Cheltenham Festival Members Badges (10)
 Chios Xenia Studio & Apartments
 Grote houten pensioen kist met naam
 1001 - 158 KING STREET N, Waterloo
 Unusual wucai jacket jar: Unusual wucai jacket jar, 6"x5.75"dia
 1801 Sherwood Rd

_ _ _

Try it: All of the records should be transcribed exactly, with nothing left out.

Answer for this exercise:
Cheltenham Festival Members Badges (10)
 Chios Xenia Studio & Apartments
 Grote houten pensioen kist met naam
 1001 - 158 KING STREET N, Waterloo
 Unusual wucai jacket jar: Unusual wucai jacket jar, 6"x5.75"dia
 1801 Sherwood Rd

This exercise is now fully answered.